Their arguments are reminiscent of the Main Street Bridge debate when a citizens’ 2014 initiative, also titled Measure F, won against a competing city initiative. Now the council is prevented from demolishing the 100-year-old structure without returning to the voters.
New Measure F supporters include previous bridge advocates such as Harvey Rarback, who dropped out of the 2014 council race and sits on the Coastside Fire Protection District board.

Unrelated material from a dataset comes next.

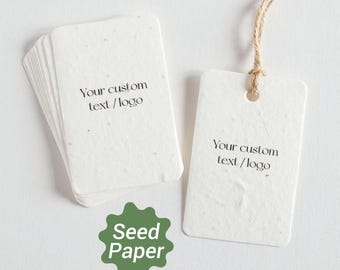 Customizable Plantable Hang Tags, Seed Paper Gift Tags Personalized, Business Plantable Labels, Price Tags, Wedding custom, rounded corners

Eblovi appeared in court last week to ask a county judge to dismiss opponents’ ballot arguments. He named Measure F opponents Kowalczyk as well as former councilmembers Naomi Patridge and Allan Alifano, who lost re-election in 2014, as respondents for signing the ballot arguments. Ultimately, the judge ruled against Eblovi as he couldn’t prove any inaccuracies and such arguments are traditionally protected as free speech, said Jim Sutton, a lawyer hired by Alifano.
Kowalczyk said the measure is sponsored by known critics of the city who’ve long questioned community projects like the new skate park, Mac Dutra Plaza and the library.
“The proponents of Measure F worked hard to stop all these projects,” Kowalczyk said, “and with the added weapon of Measure F will be able to wreak havoc on the future needs of the city.”